La concurrence ne s’y impose jamais naturellement et doit être encadrée par des choix politiques clairs. Pour Johanne Peyre, une régulation adaptée stabilise les marchés, contient la vie chère et permet aux entreprises locales de se développer de façon équitable.
Une autonomie stratégique ou une autonomie de façade
Le rapport invite à inscrire la croissance polynésienne dans son environnement régional. Au cœur du Pacifique, la Polynésie française doit tenir compte des enjeux de coopération économique, d’économie maritime et de tourisme durable. Ces ambitions nécessitent une gouvernance capable d’arbitrer clairement et d’agir rapidement. Pour Teva Rohfritsch, l’autonomie doit être un outil stratégique au service du développement économique et non un simple marqueur politique. Une approche qui, en creux, questionne la capacité de l’exécutif territorial à transformer le discours politique en résultats tangibles pour les Polynésiens.
La croissance ultramarine, une affaire de pouvoir
Le rapport sénatorial rappelle que dans les outremers, la croissance est d’abord une question de gouvernance. L’éloignement, la taille réduite des marchés et la dépendance aux importations renforcent le rôle de l’État et des collectivités dans l’organisation économique. En Polynésie française, chaque décision publique produit des effets immédiats sur l’emploi, les prix et l’investissement. La croissance n’y est jamais abstraite : elle se joue dans la capacité des institutions à agir vite, à coopérer et à donner de la visibilité aux acteurs économiques.
Concentration des marchés : pourquoi ça fait grimper les prix
En Polynésie française, quelques acteurs contrôlent les secteurs clés, du transport maritime inter-îles à la distribution alimentaire. La taille réduite du marché et la dispersion géographique limitent la concurrence et font peser un coût direct sur les prix.
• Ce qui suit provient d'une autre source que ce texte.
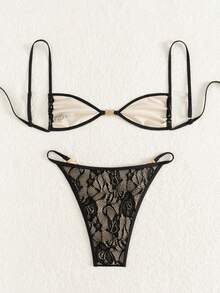 蕾丝材质可调节肩带系蝴蝶结珍珠装饰女士泳装比基尼套装，适合夏季海滩度假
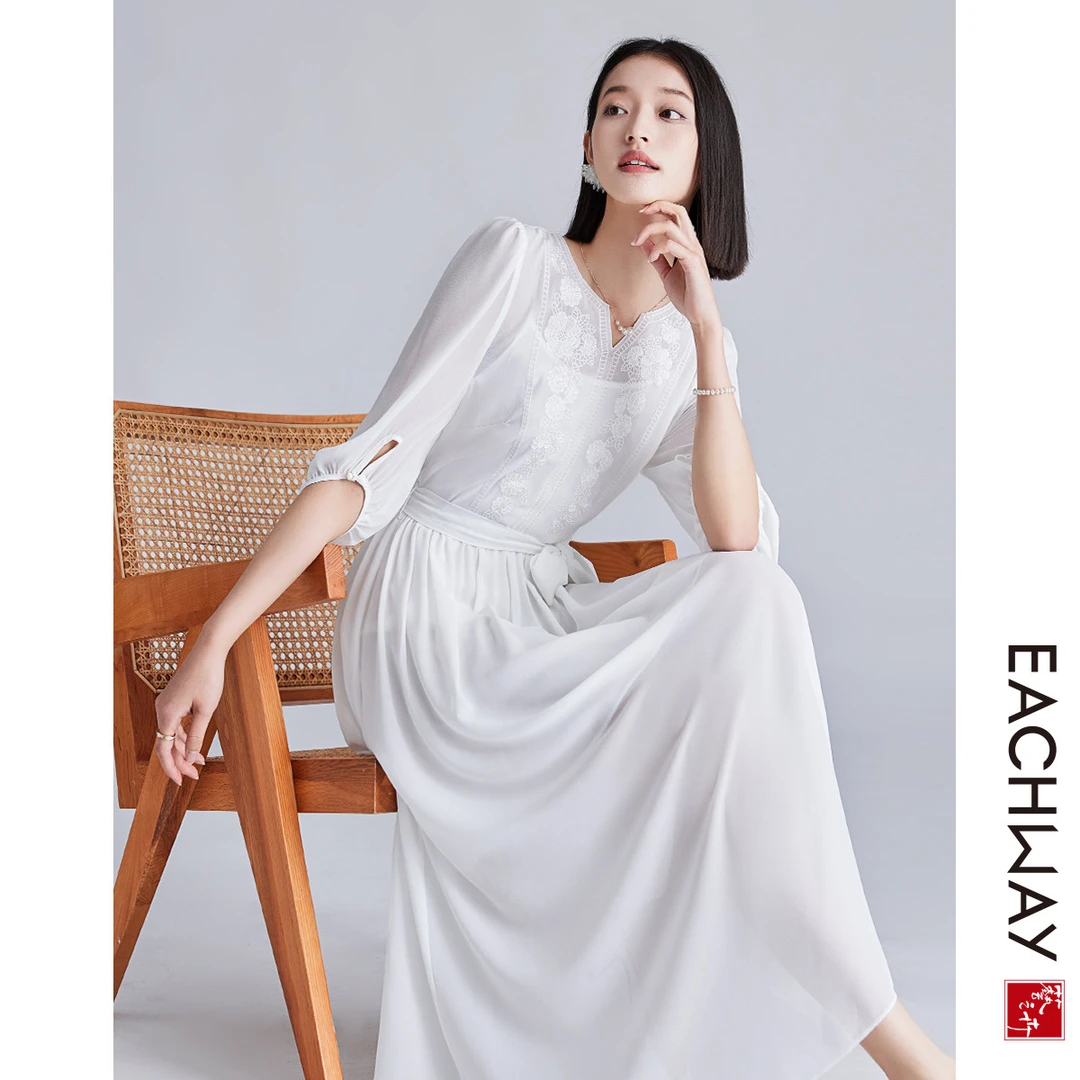 1F32L2013082法式V领仙女裙夏季连衣裙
Pour Johanne Peyre, présidente de l’Autorité polynésienne de la concurrence, cette situation n’est pas une fatalité : une régulation adaptée peut briser les positions dominantes, ouvrir le marché à de nouveaux entrants et rendre la croissance plus équitable. Mieux réguler, c’est protéger le pouvoir d’achat tout en stimulant l’économie locale. Encore faut-il que les décideurs politiques se saisissent de ce principe.